The Texas rule prohibiting abortions after a fetal heartbeat has been found will be reinstated following the 5th U.S. Circuit Court of Appeals’ issuance of a temporary stay.

The decision was made after U.S. District Judge Robert Pitman granted a temporary restraining order against the bill on Wednesday. “This Court will not sanction one more day of this offensive deprivation of such an important right,” wrote Pitman, who was nominated by former President Barack Obama, The Blaze reported.

“Great news tonight, The Fifth Circuit has granted an administrative stay on #SB8. I will fight federal overreach at every turn,” tweeted Texas Attorney General Ken Paxton.

The abortion law has been reinstated as a result of the appeals court judgment, pending further legal action.
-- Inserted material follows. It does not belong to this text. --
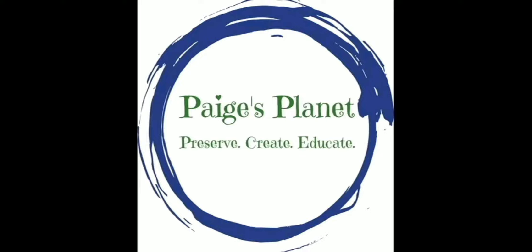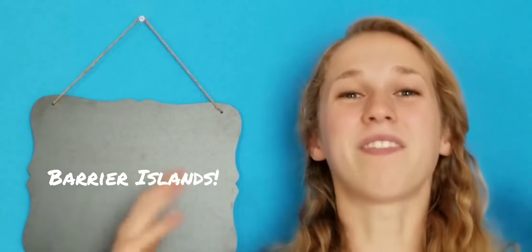Hey, and welcome to Pages Planet. Today we're going to be talking about Barrier Islands. Time to learn some brand new things with Pages. Barrier Islands are amazing and essential ecosystems that we are lucky enough to have an abundance of right off the coast of Florida.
However, Pitman described the regulation as an “offensive deprivation” of the constitutional right to an abortion in a previous ruling.

Paxton told Fox News on Friday, Oct. 8, that he believes the appeal will be successful. According to the Texas attorney general, one of the most substantial grounds in its favor is that the statute “was passed by the elected representatives of the state of Texas.”
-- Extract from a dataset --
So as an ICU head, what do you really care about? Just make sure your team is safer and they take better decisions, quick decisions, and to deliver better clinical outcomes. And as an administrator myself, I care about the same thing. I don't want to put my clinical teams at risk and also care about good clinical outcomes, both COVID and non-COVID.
The law makes it illegal to perform abortions once an unborn child’s heartbeat has been detected, except for medical emergencies.

People can file civil lawsuits against offenders, and the law provides that if a claimant wins, the court must award statutory damages of at least $10,000.

The law, which went into force in September, has caused widespread debate across the country. While the law represents an evident success for the pro-life movement, abortion supporters have slammed it.

“The heartbeat law was saving an estimated 100 lives every day,” pro-life campaigner Lila Rose, the founder and president of Live Action tweeted Friday night.